Autant dire qu’il faut vraiment avoir à cœur de revoir son projet ou de se former pour adhérer au CSP. Changement d’appartement pour réduire son loyer, forfait téléphonique porté au minimum, comme le montant de toutes ses charges, assurances comprises : Amélie Warrand, ex-intérimaire de Toyota au contrôle qualité, se serre la ceinture pour pouvoir suivre une école d’infirmières, trois ans durant. Ses différentes missions ne lui donnent droit qu’à 932 euros net par mois… pendant un an. « J’ai vraiment pensé à retravailler plutôt que de retourner à l’école », soupire l’ex-secrétaire médicale, 22 ans, qui compte sur les aides régionales et vient d’accepter un contrat à temps partiel comme téléconseillère pour prolonger ses droits, en attendant de passer le concours d’infirmière, au printemps. Même dilemme pour Nabil Djaoui, 29 ans, intérimaire pendant six mois chez Toyota. Mais l’envie de revenir à son métier initial, électricien, a été la plus forte : « J’ai besoin de refaire toutes les habili tations. Le CSP m’en offre la possibilité. À 950 euros net par mois, ce sera difficile, mais c’est ponctuel. » Pas plus de trois, quatre mois, espère-t-il, le temps de passer les examens.

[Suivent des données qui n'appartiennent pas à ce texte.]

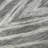 Premium Machine Washable Prisco Gray Rug-1720944952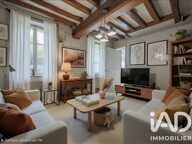 Vente Maison/villa 6 pièces — photo 4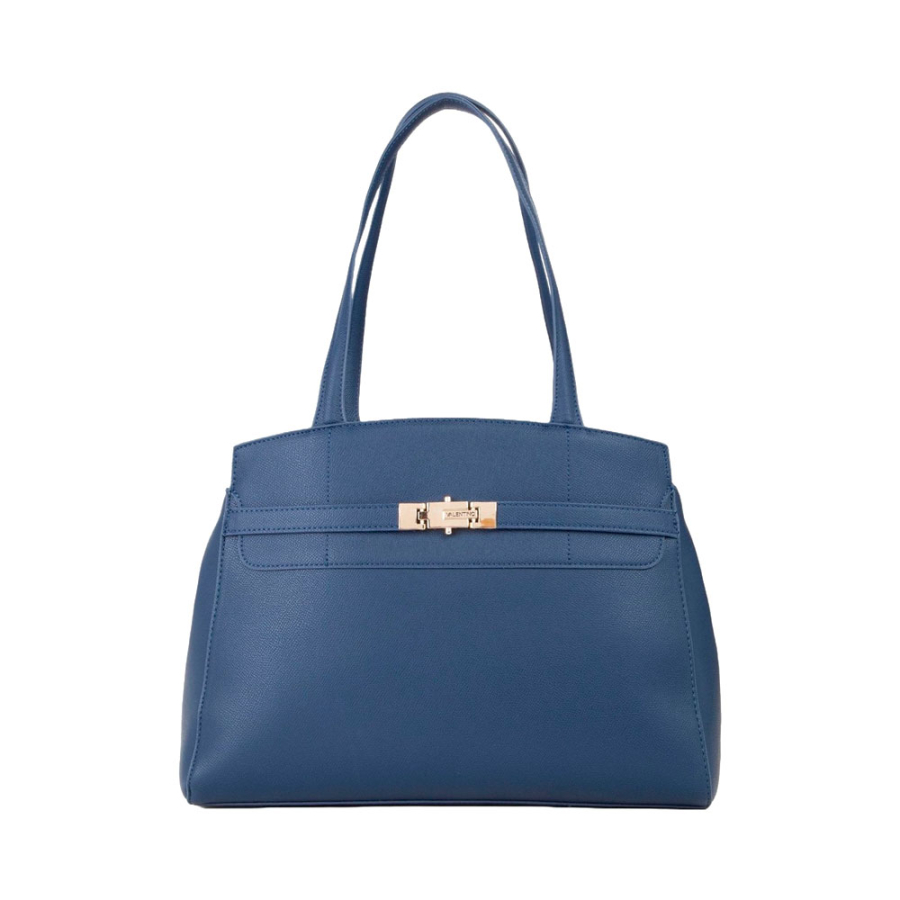 vbs9ad01-fae-re-tasche vbs9ad01-fae-re-tasche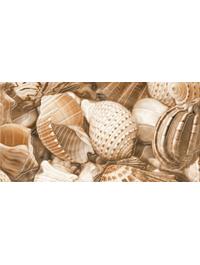 Sea Breeze Shells Е11421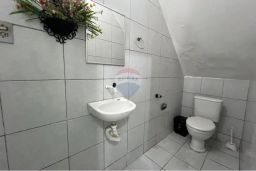 https://img.olx.com.br/thumbs256x256/68/682519763942905.jpg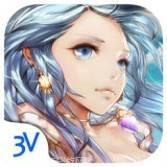 星辰传说单职业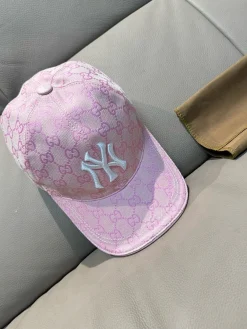 UNCATEGORIZED Hats & Caps F520260602053849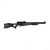 Wiatrówka PCP Optima by Hatsan BT65 RB Elite (5,5mm/6,35mm)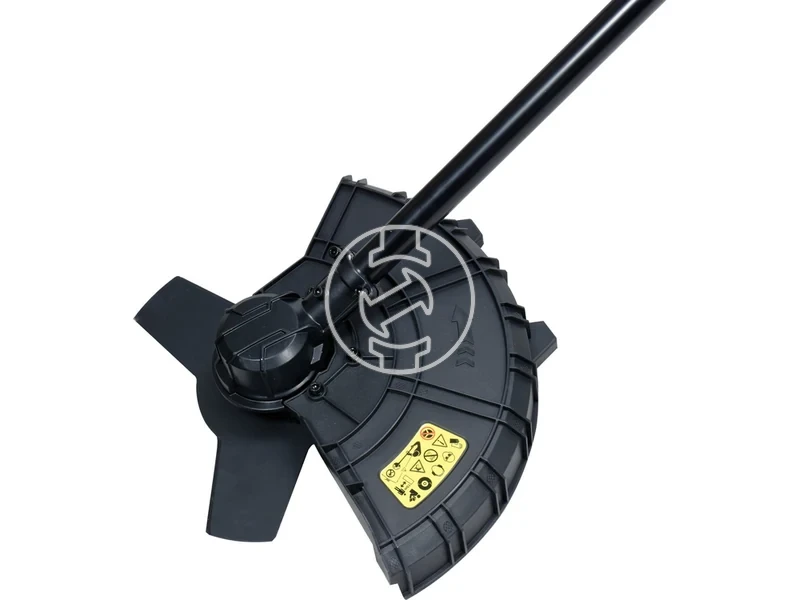 Kép: 101611112.webp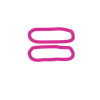 Стикер 61 Barbie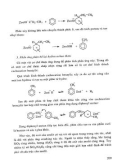 Hóa học dầu mỏ và khí part 9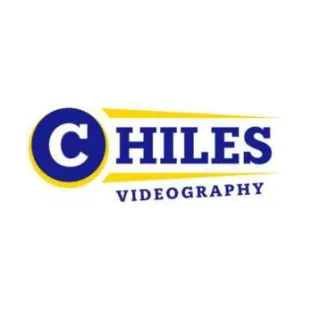 Chiles Videography logo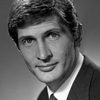 Igor Yasulovich as Earer (voice)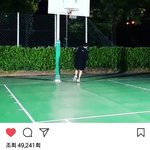 [EXO] 저 군인은 하루<b>종일</b> 인별만 하냐?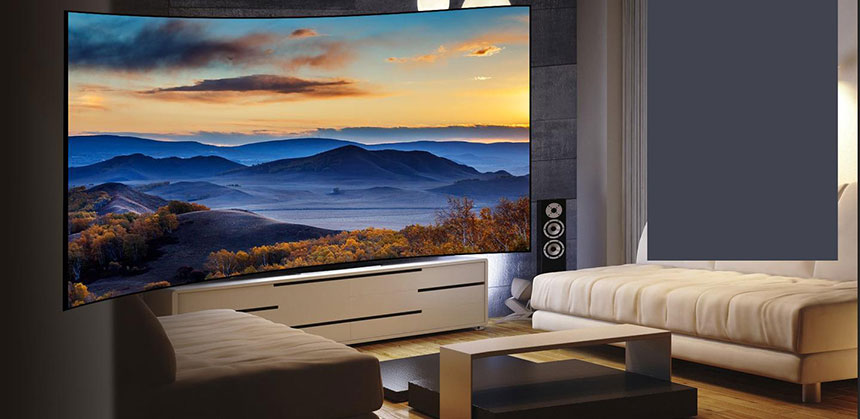 紹興店面設(shè)計(jì)公司_紹興店面招牌LOGO設(shè)計(jì)-企業(yè)品牌實(shí)力展示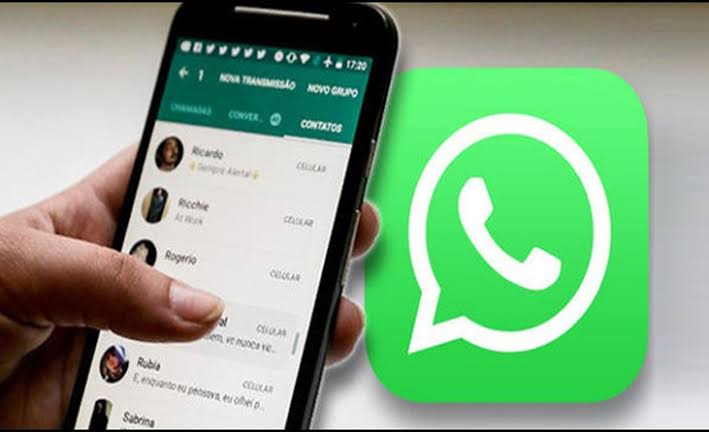 WhatsApp Tidak Bisa Dibuka? Begini Caranya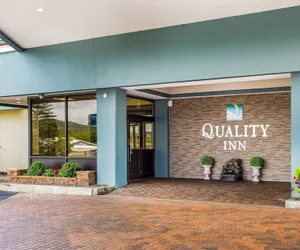 Photo 2 - Quality Inn Oneonta Cooperstown Area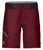 Ortovox Brenta Shorts W Ortovox Brenta Shorts W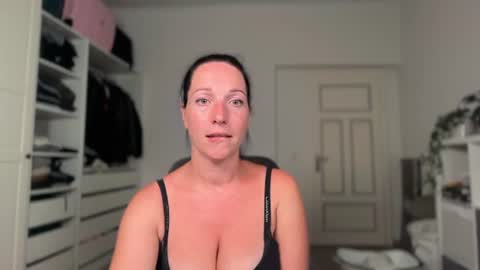 Vio online show from 2, 8, 2026
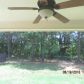 205 Suffolk Walk, Mcdonough, GA 30252 ID:13123752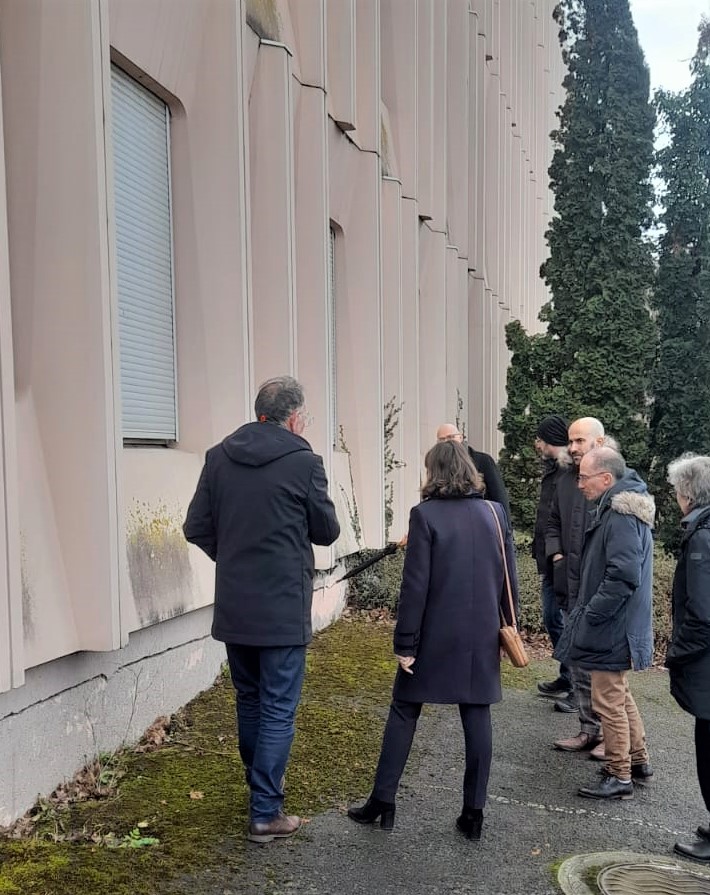 Préfète de l'Aveyron tweet media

Centré sur la personne. Tout le monde en convient, l’idée du dispositif, pourtant, est bonne : profiter de la décrue de l’emploi précaire pour former ceux qui y sont enfermés, afin de leur permettre de monter en compétences ou de rebondir vers des métiers porteurs. « Habituellement, les formations proposées aux intérimaires sont déterminées par le besoin de l’entreprise cliente de l’agence d’intérim. Voilà un dispositif centré sur le projet de la personne, même s’il doit être mis en lien avec les métiers porteurs », note Céline Rattez, conseillère en région Nord-Pas-de-Calais au Fonds d’assurance formation du travail temporaire. C’est tout l’intérêt, et la difficulté, du CSP. Beaucoup d’in térimaires n’ont jamais eu l’occasion de bâtir un projet professionnel, les missions qu’ilstrouvaient s’en chargeant pour eux. Changer de perspective n’est pas facile.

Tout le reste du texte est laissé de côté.